A supposer que la société requérante ait entendu se prévaloir, sur le fondement des dispositions de l’article L. 80 A du livre des procédures fiscales, des énonciations des commentaires administratifs publiés au Bulletin officiel des finances publiques (BOFiP – impôts) sous la référence BOI-BIC-RICI-10-100, la décision refusant de restituer une somme au titre d’un crédit d’impôt ne constitue pas un rehaussement d’imposition et, en tout état de cause, les instructions dont elle se prévaut ne comportent pas d’interprétation de la loi fiscale différente de celle dont il est fait application dans le présent jugement.
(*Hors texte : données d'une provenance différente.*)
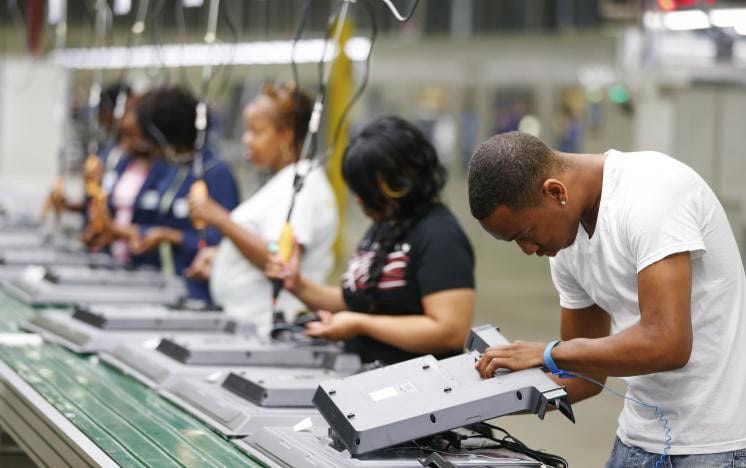 US Retail Sales Unexpectedly Fall in August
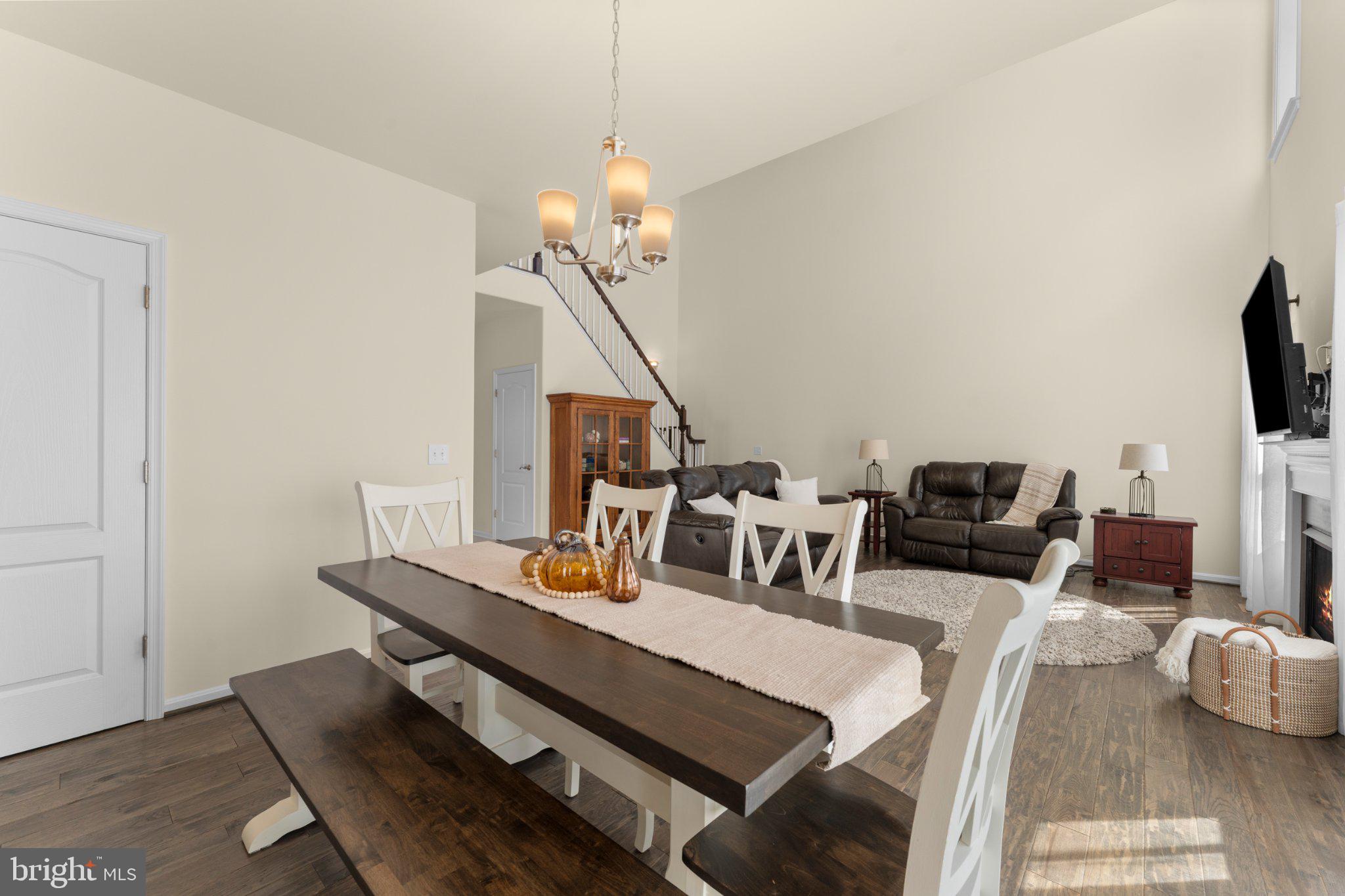 STONE RIDGE ESTATES - Residential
Il résulte de tout ce qui précède que les conclusions de la requête doivent être rejetées.
D E C I D E :
Article 1er : La requête de la SARL Sitolle est rejetée.
Article 2 : Le présent jugement sera notifié à la SARL Sitolle et au directeur départemental des finances publiques du Calvados.
Délibéré après l’audience du 21 octobre 2025, à laquelle siégeaient :
Mme Renault, présidente,
Mme Absolon, première conseillère,
M. Pringault, conseiller.
Rendu public par mise à disposition au greffe le 19 novembre 2025.
Le rapporteur,
Signé
S. PRINGAULT
La présidente,
Signé
Th. RENAULT
La greffière,
Signé
M. A…
La République mande et ordonne au ministre de l’économie, des finances et de la souveraineté industrielle, énergétique et numérique en ce qui le concerne ou à tous commissaires de justice à ce requis en ce qui concerne les voies de droit commun contre les parties privées, de pourvoir à l’exécution de la présente décision.
Pour expédition conforme,
La greffière,
M. A…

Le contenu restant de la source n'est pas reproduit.